Yılmaz, programları kapsamında geldiği Mersin’de kan bağışı ile ilgili değerlendirmelerde bulundu. Hayati önem taşıyan kanın kaynağının insan olduğunu ifade eden Yılmaz, kanın içindeki hemoglobini “mucize bir protein” diye tanımlayarak şöyle devam etti:
“İnsanlar aslında kan bağışlayarak başka şekilde tedavi edilemeyecek hastalıkların tedavisine katkı sağlamış oluyor. Bir anlamda can bağışlamış oluyorlar. Onun için ‘Birbirimize Candan Bağlıyız’ şeklinde bir kampanya yürütüyoruz. Ulusal anlamdaki kan kampanyaları ve Türk Kızılayın yürüttüğü kan bağışı son derece önemli. Biz, dünya üzerinde yapılabilecek en hassas tetkiklerle bu süreci yürütüyoruz. Böylelikle kanın yüzde 100 güvenlikle insanlara aktarılabilmesini sağlıyoruz.”
Yılmaz, Türk Kızılay gönüllüleri ve kan bağışçılarının önemine işaret ederek, sözlerini şöyle sürdürdü:
“Senede 3 milyona yakın kan bağışıyla bütün dünyanın örnek alacağı, en üst düzey güvenli kan temini projesini ülkemizde yürütüyoruz.

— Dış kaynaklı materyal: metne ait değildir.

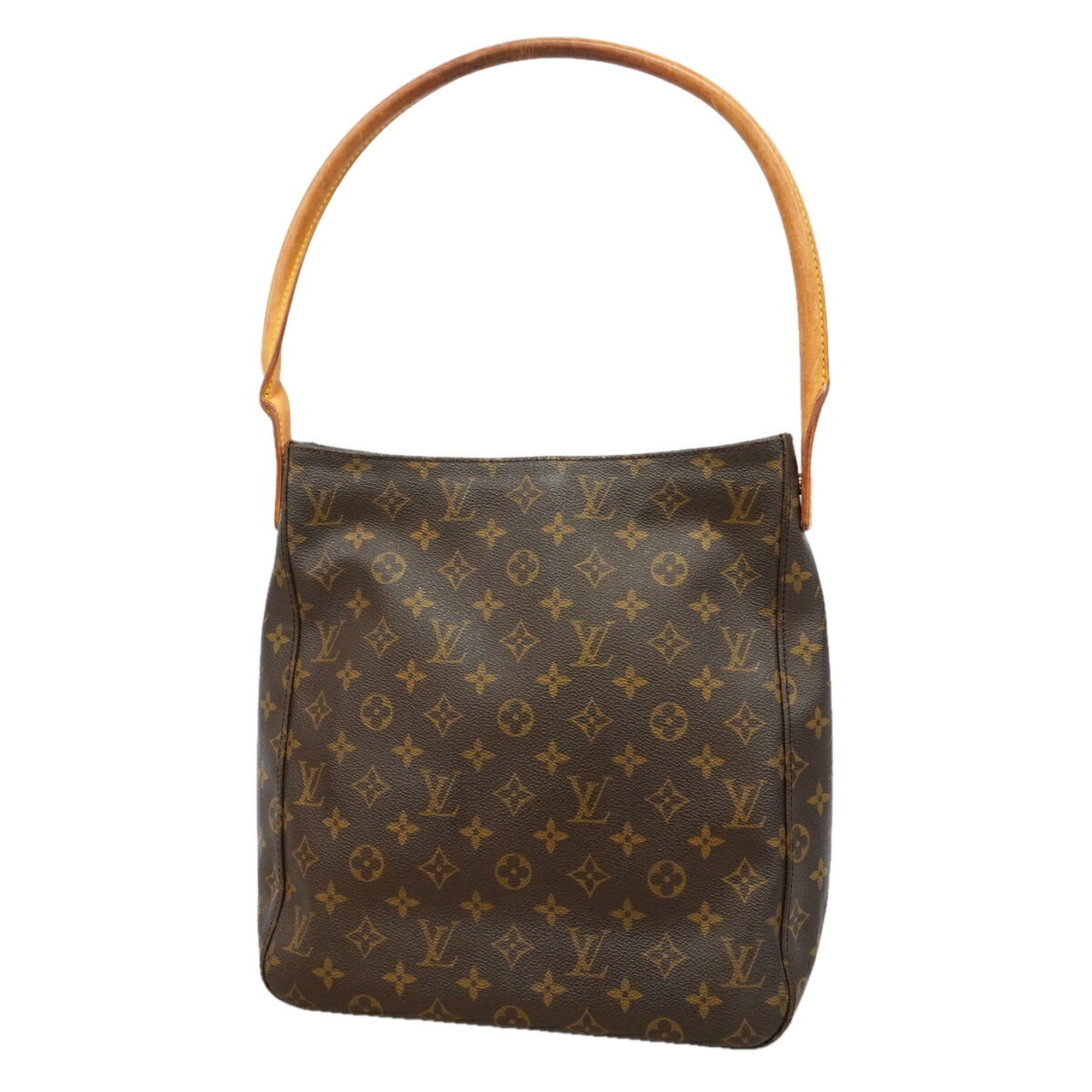 Louis Vuitton Brown Shoulder Bag (Pre-Owned)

Kan stokları konusunda her zaman söylediğimiz bir şey var, kan acil değil sürekli ihtiyaçtır. Bizim 10 seneden beri gelen tecrübemiz şunu gösteriyor, bizim kan stoklarımız normal şartlarda üç zaman diliminde azalır. Bunlar ramazan ayı, çok sıcak aylar ve çok soğuk aylardır. Bu aylara girmeden önce de biraz kan stokumuzu yüksek tutmanın telaşına gireriz. Kan stokumuzda bir sıkıntı yok ama kış aylarına biraz daha yüksek stokla girmenin her zaman biraz daha avantajlı olduğunu biliyoruz.”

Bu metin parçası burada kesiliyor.